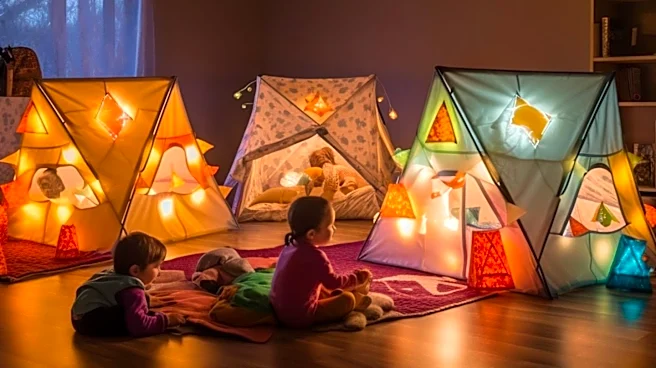 Air Quality Concerns Prompt Summer Camps to Move Activities Indoors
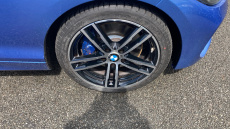 BMW 1 Series 118d M Sport Shadow Ed 5dr Step Auto Diesel Hatchback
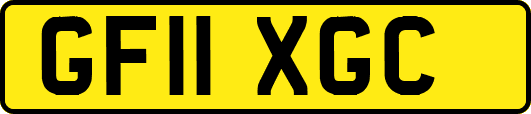 GF11XGC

• [Instructions to follow] Every line from the one bearing "BMW 1 Series" through the end of the data above must be output exactly, and no picture may appear.

• [Result below]
 BMW 1 Series 118d M Sport Shadow Ed 5dr Step Auto Diesel Hatchback
 GF11XGC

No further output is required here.